Project

General

Profile

Bug #48778

Setting quota triggered ops storms on meta pool

Added by Gerry D about 3 years ago. Updated about 3 years ago.

Status:
Need More Info
Priority:
Normal
Assignee:
-
Category:
-
Target version:
-
% Done:

0%

Source:
Tags:
Backport:
Regression:
No
Severity:
3 - minor
Reviewed:
Affected Versions:
ceph-qa-suite:
Component(FS):
Labels (FS):
Pull request ID:
Crash signature (v1):
Crash signature (v2):

Description

A few days ago, I toyed with setting a quota on a handful (less than 60) directories on my CephFS filesystem. At the time, I was running version 15.2.1. After a while, I noticed the number of operations on my meta pool was extremely high. Normally, this would be near-zero or sometimes a few hundreds. Now this was at about 10K. I removed all the quotas I had set in the hopes that this would resolve the issue, but to no avail.

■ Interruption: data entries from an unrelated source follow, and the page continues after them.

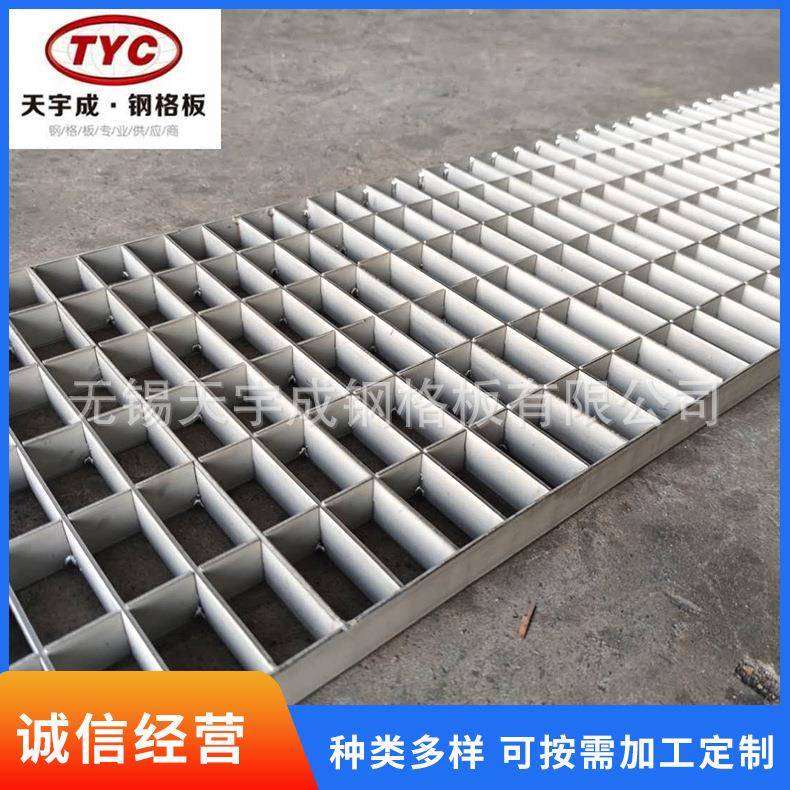厂家不锈钢插接式格栅沟盖板 热镀锌水沟盖板厨房排水沟盖板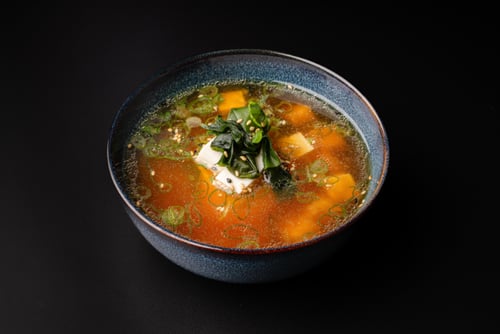 Miso Suppe
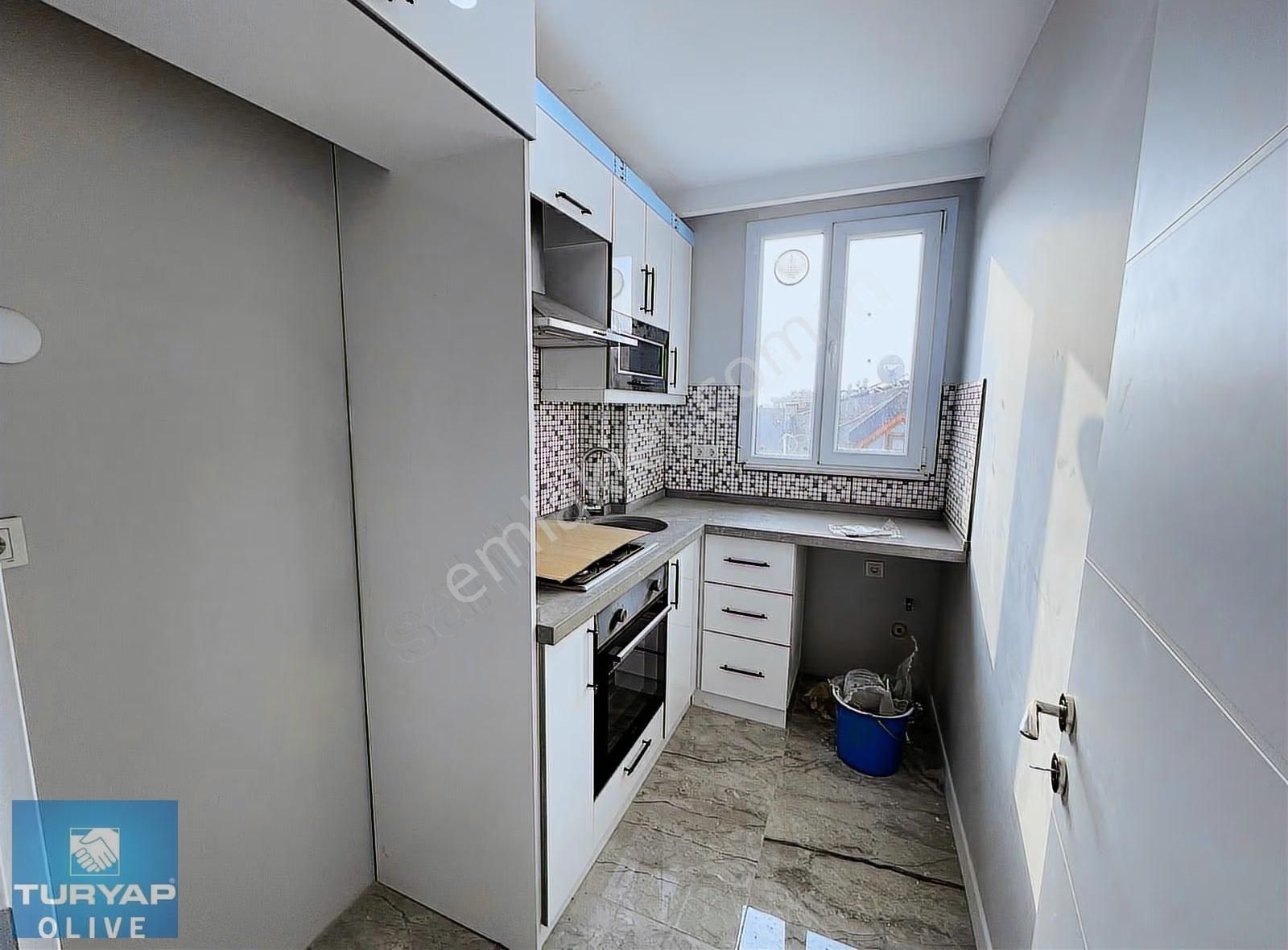 Zeytinburnu Seyitnizam Tramvay Yakını Satılık Daire - Görsel 13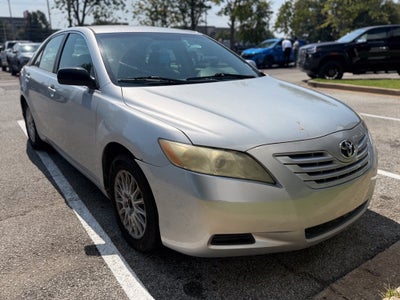 2007 Toyota Camry CE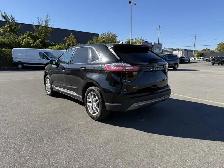 2024 Ford Edge SEL - Photo 4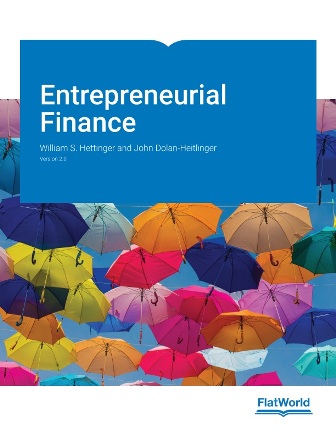 Test Bank for Entrepreneurial Finance Version 2.0 Hettinger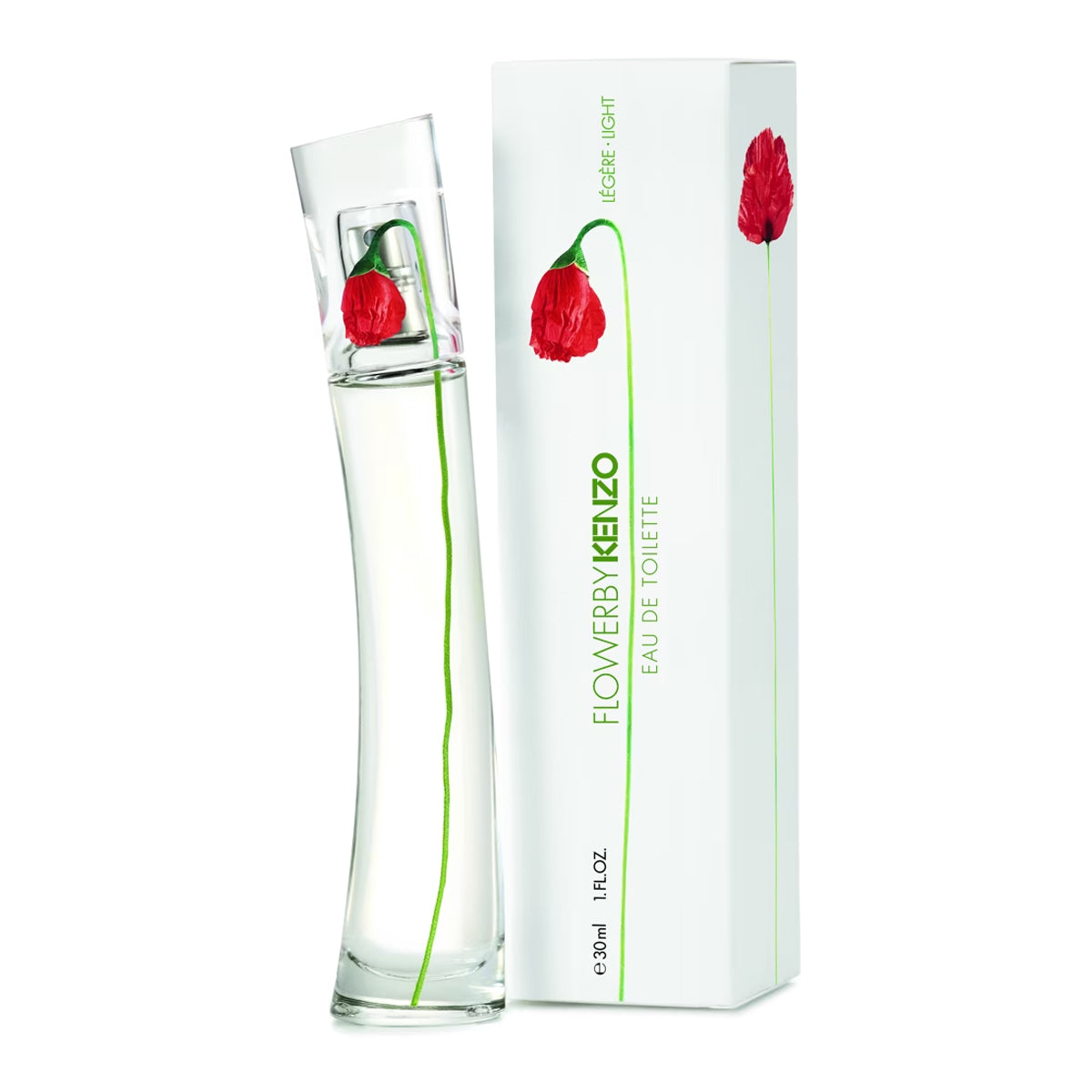 Kenzo Flower by Kenzo Light EdT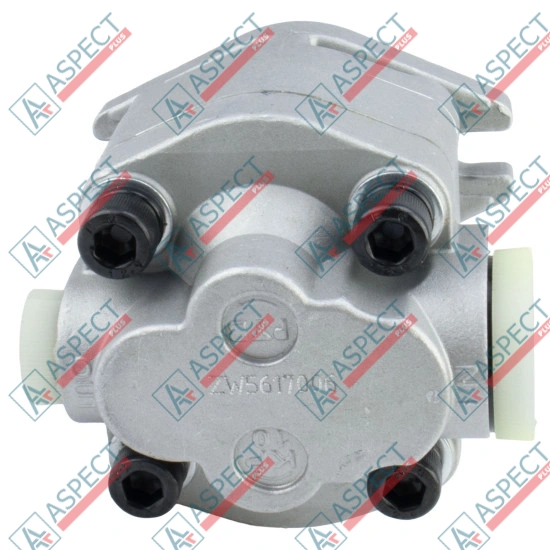 Насос шестеренчастый Kawasaki LNP0171 Kayaba SKS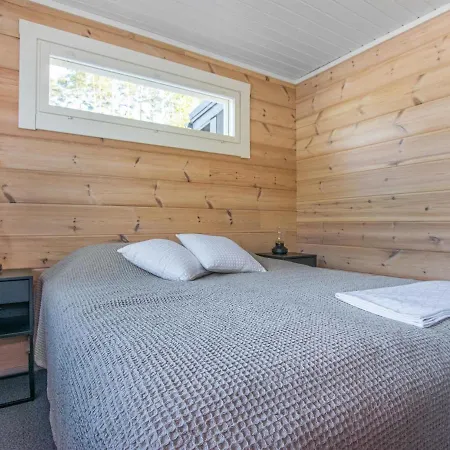 Holiday home Aurinkoranta By Interhome *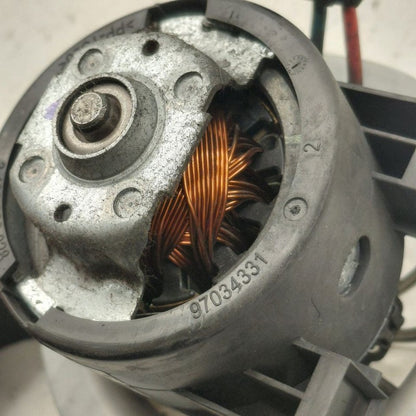 Blower Motor Fits 07-16 Volvo 80 SERIES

As I was due for an upgrade, I decided to upgrade to 15.2.8 yesterday. At first, things seemed to be back to normal. However, after a few hours, a strange pattern started to emerge, where the operations on the meta pool would spike to 20K for approximately 1h40m and then go back to normal for approximately 3h15m, making this a recurring event every 5 hours or so.

I have attached a screenshot to illustrate what this looks like. The first "wave" of 10K IOPS is until I did the upgrade, the next 20K spikes are after the upgrade.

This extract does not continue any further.